DATASET RECORDS ::
____________
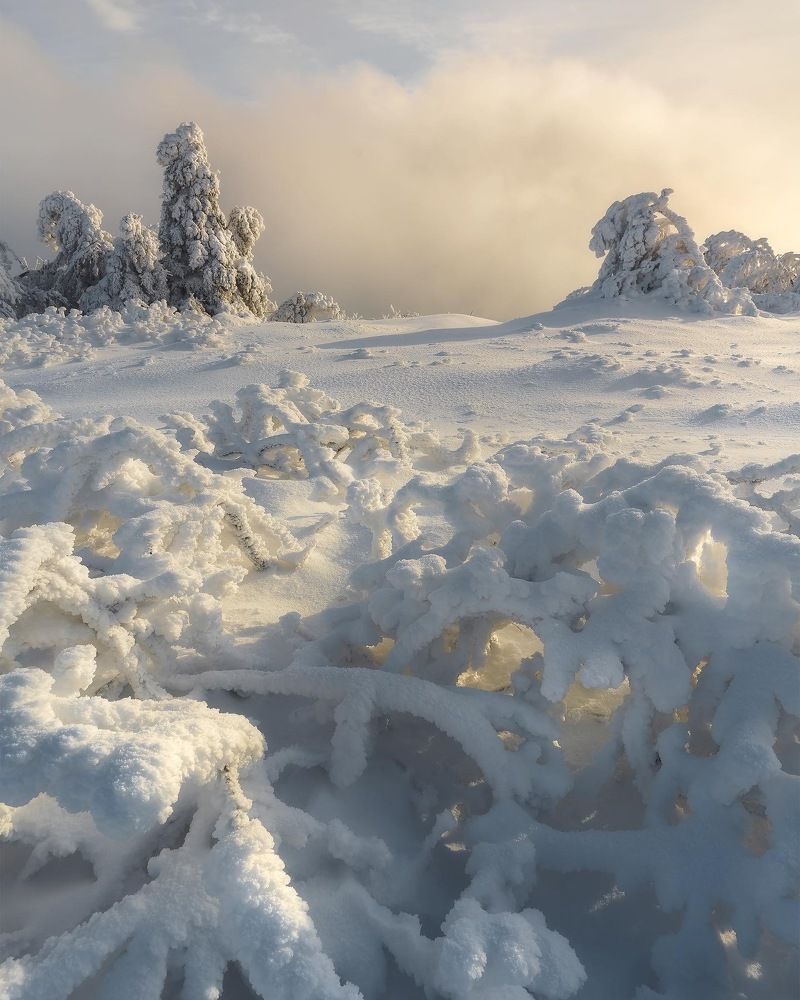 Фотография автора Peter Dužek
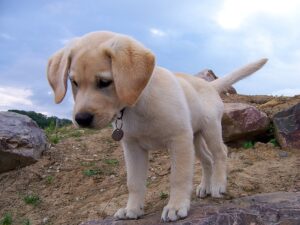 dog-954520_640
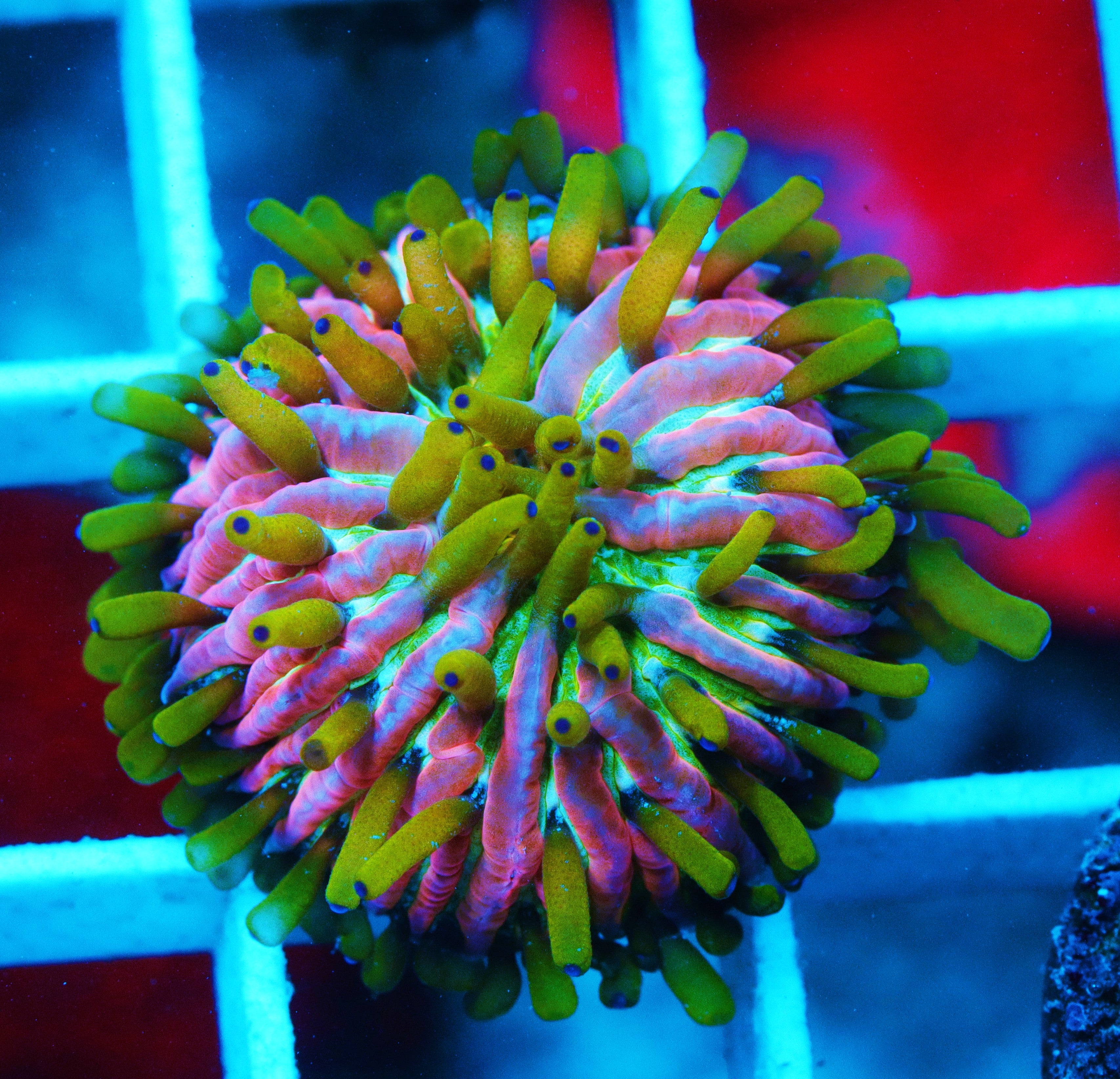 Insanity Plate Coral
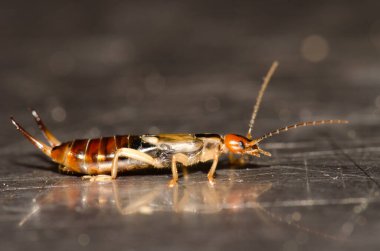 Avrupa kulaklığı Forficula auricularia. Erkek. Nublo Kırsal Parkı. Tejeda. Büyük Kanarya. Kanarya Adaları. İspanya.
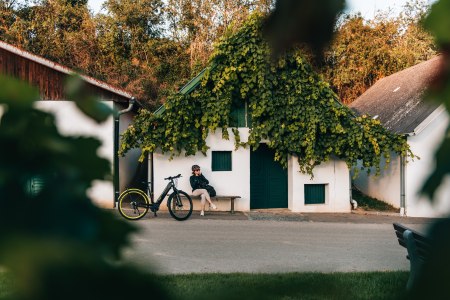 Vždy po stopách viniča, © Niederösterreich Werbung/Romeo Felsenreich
____________
EXERCISE DIRECTIONS :: Each line in the records above should be reproduced exactly; images are not copied.

RESPONSE FOR THIS EXERCISE ::
 Фотография автора Peter Dužek
 dog-954520_640
 Insanity Plate Coral
 Avrupa kulaklığı Forficula auricularia. Erkek. Nublo Kırsal Parkı. Tejeda. Büyük Kanarya. Kanarya Adaları. İspanya.
 Vždy po stopách viniča, © Niederösterreich Werbung/Romeo Felsenreich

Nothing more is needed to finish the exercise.